In the past, those skilled in the art have attempted to abate such production of sand within the production fluids by "gravel packing" the well. This procedure customarily has entailed the introduction of a larger solid, such as bauxite, sintered bauxite, glass beads, or gravel or similar solids into a pumpable fluid, such as water, brine, polymeric gel, or the like, at the top of the well, through the well, and deposited exteriorly around a screen system carried on the production conduit. The solid particulate gravel-packing matter is deposited in an annular area that is defined between the exterior of the screen assembly and the interior of the subterranean wellbore. Upon a deposition of such gravel-packing solids within such annular area, the carrier fluid is pumped through the screen, through the well conduit to the top of the well and may be recycled therethrough by introduction of additional gravel-packing solid matter thereto, until the well is satisfactorily gravel packed, with or without a screen.
In the past, there have been some problems in the preparation of such gravel-packing systems as well as systems in which a solid is to be blended or otherwise prepared for introduction into the well by a carrier fluid for fracturing, cementing and other completion/workover operations. Thus, reference to "completion/workover systems" refers to gravel packing, fracturing, cementing fluids which combine one or more solids in a carrier fluid. Typically, such systems have been prepared by first preparing the carrier fluid in a tank, pit, or the like, adjacent the well and by introduction of the gravel or other solid thereto. A propeller mixer, or the like, may be used for the blending operations. A pump, such as a triplex pump, has been utilized to pump the prepared system including the carrier fluid and the particulate matter, from the tank or pit into the subterranean well.
However, such procedure has been found to have several disadvantages, including the fact that such procedure is time-consuming and because the preparation of "blending" operation is, in effect, performed in a tank, pit, or the like, away from the pump, dead spots will occur in flowlines used to transport the prepared system and the pump itself, resulting in deposition of the particulate matter, thereby hindering the placement of the particulate matter in the subterranean well.
The present invention addresses the problems set forth above and provides a method and apparatus which reduce the dead spots in the pump and flowlines and provide agitation of the particulate matter within the carrier fluid during the actual mixing or preparation operation. The elimination of the dead spots additionally provides a uniform distribution of the particulate matter in the carrier fluid.
The apparatus allows mixing of a solid and a fluid continuously to facilitate downhole operations, especially gravel packing. The apparatus comprises a solids hopper, with preferably an internal auger, to meter the solids flowrate. The solids drop into a second feeder which empties into a mixing chamber. Liquid can be directed into an annular space formed in the mixing chamber around the periphery of the second auger, or could be piped into the second auger itself.
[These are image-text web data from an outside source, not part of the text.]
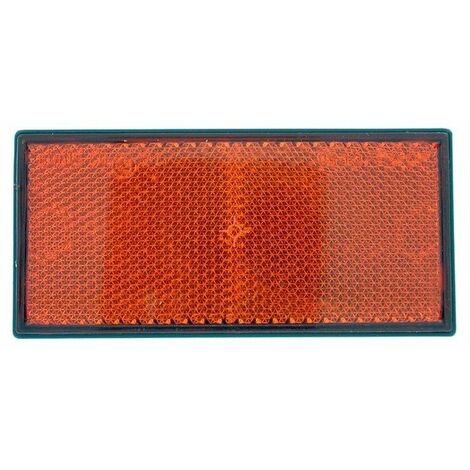 Catadioptre adhésif orange rectangulaire 105x48 mm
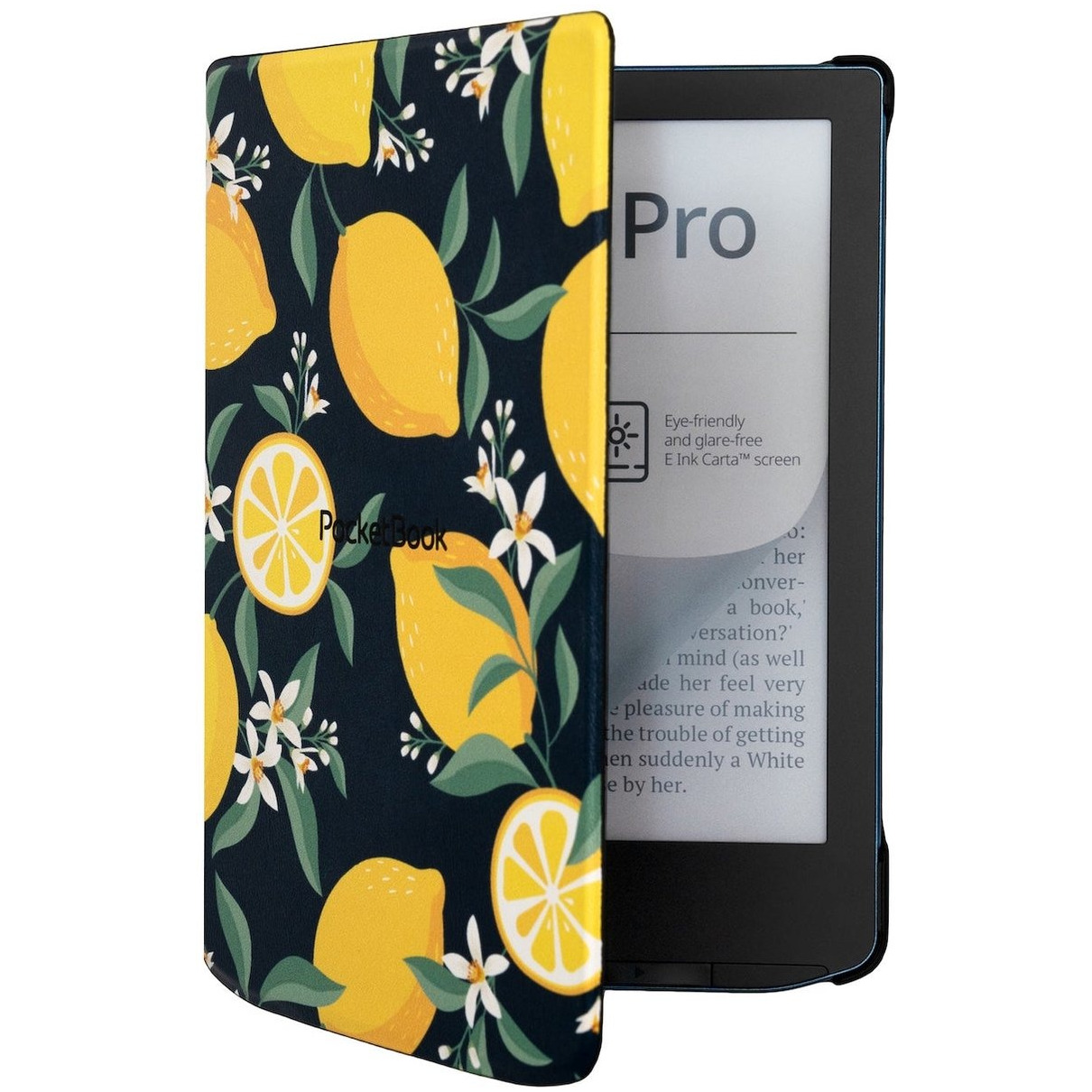 PocketBook Cover Shell - Lemon Print for Verse / Verse Pro E-reader hoesje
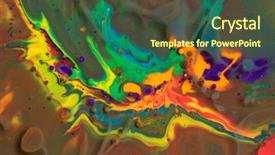  Presentation with structure - Presentation featuring bright colorful acrylic paint fantastic background and a tawny brown colored foreground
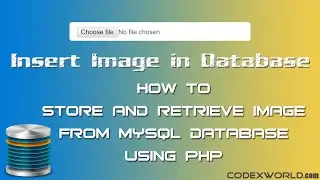 Store and Retrieve Image from MySQL Database using PHP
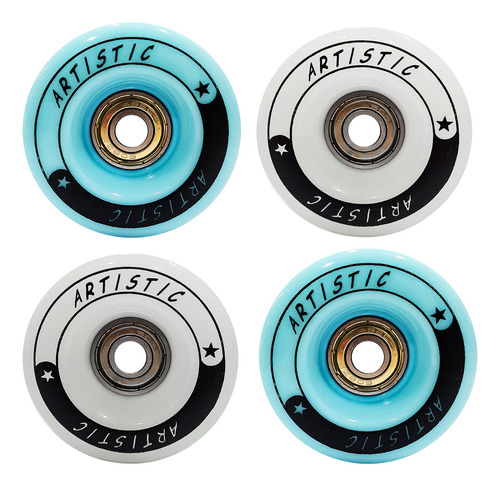 Imagen 1 de 9 de Set 4 Ruedas De Silicona Para Patín Artístico 58mm - El Rey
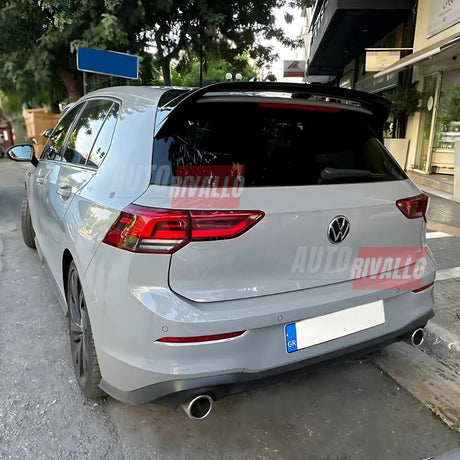 VW Golf 8 MK8 2019-2024 Spoiler Tetto Posteriore Nero Lucido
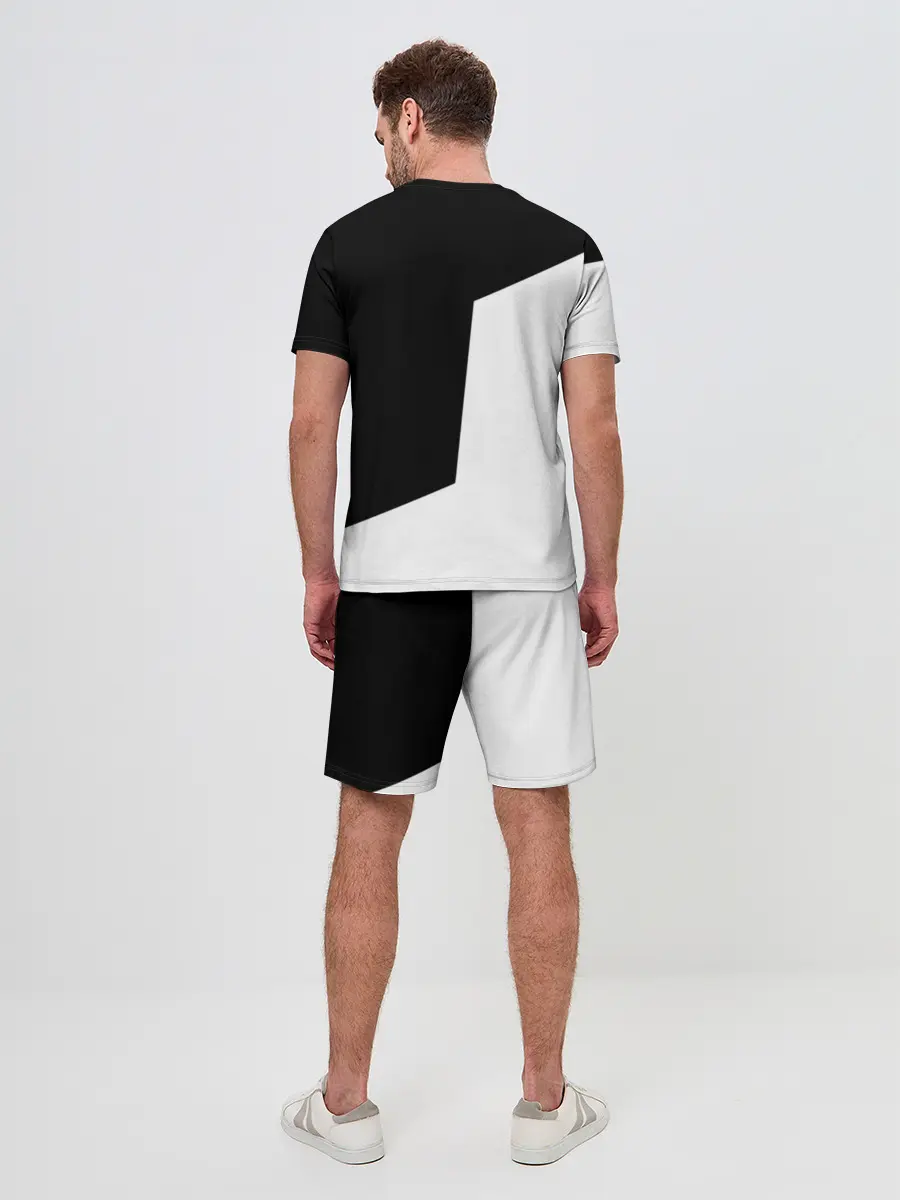 Мужской костюм с шортами / Инь - янь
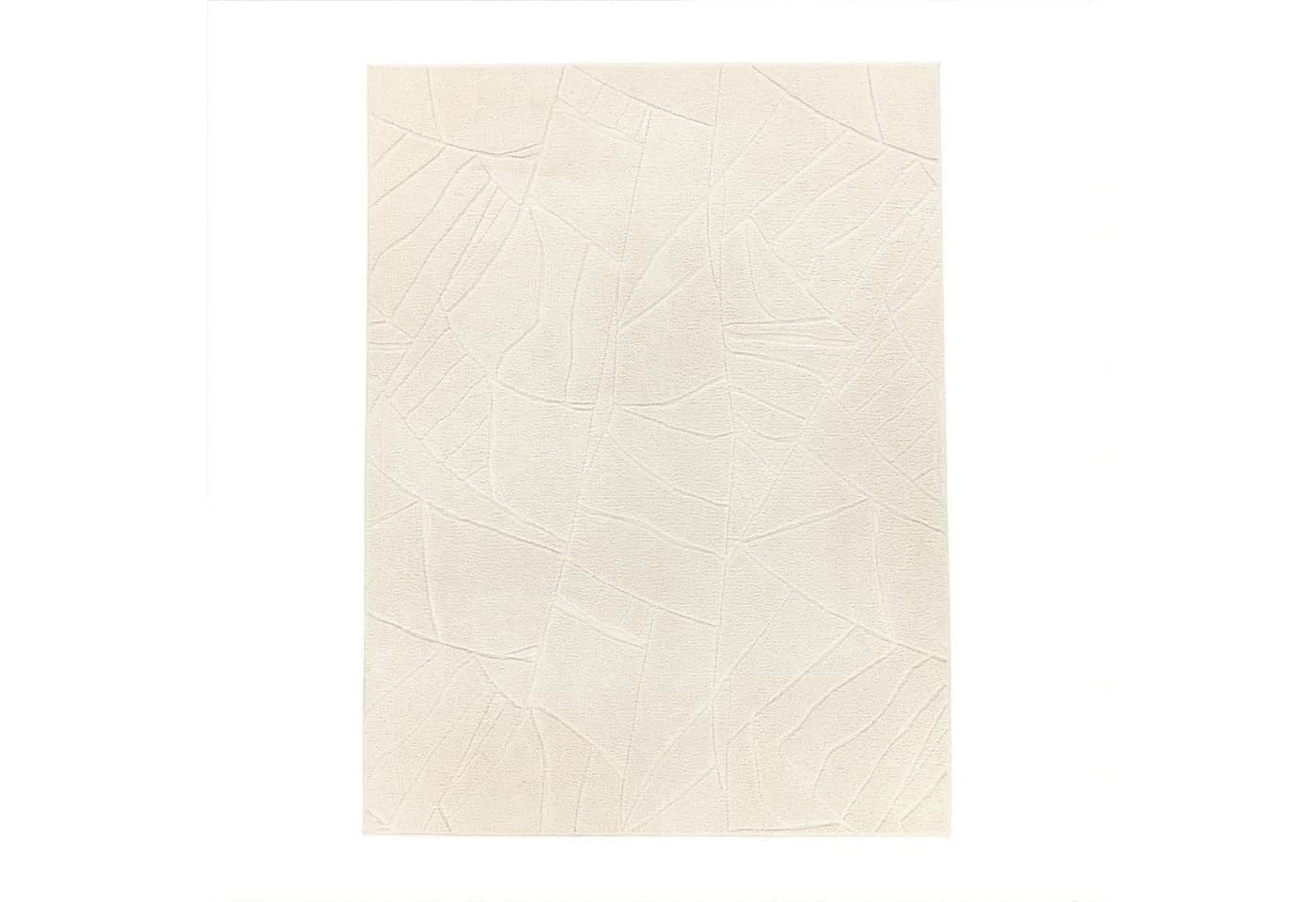 TT Home Teppich Hochflor Beige Polyester Uni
A triplex pump is connected to the mixing chamber and draws the mixed solid and fluid and pumps it to sufficient pressures for use in a wellbore.
FIG. 1 is a schematic representation of the principal components of the apparatus.
FIG. 2 is an elevational view, partly in section, of the solids feeding means in an extended position.
FIG. 3 is an elevational view, partly in section, of the solids feeding, means in a retracted position.
FIG. 4 is a sectional elevational view of the pump means and drive and portions of the liquid feeding means.
The apparatus of the present invention is schematically illustrated in FIG. 1. The apparatus A comprises of a mixing chamber 10. Additionally, fluid feed means F and solids feed means S are also illustrated in FIG. 1. Pump means P is connected to mixing chamber 10.
More specifically, the solids feed means S comprises of a hopper 12. Hopper 12 is configured so that its contents are directed into, preferably, an integral auger 14. Auger 14 is typically a screw conveyor which can be equipped with a variable-speed drive, not shown, to adjust the solids output rate from hopper 12. After emerging from auger 14, the solid material enters a receiving chamber 16. A valve 18 is disposed at the lower end of receiving chamber 16. Valve 18 can have various designs such as a knife gate or a butterfly without departing from the spirit of the invention. Any valve style which can accommodate the potentially abrasive nature of the solid material and provide an effective seal is suitable for service as valve 18. Below valve 18 is a feed pipe 20. The feed pipe 20 preferably enters radially into housing 22. Located within housing 22 is conveyor 24, which is preferably of a screw conveyor type, but other types of conveyors can be employed without departing from the spirit of the invention. Located at one end of conveyor 24 is drive 26. In the preferred embodiment, the drive 26 is a hydraulic motor which can be remotely controlled from control 28, as shown schematically in FIG. 1.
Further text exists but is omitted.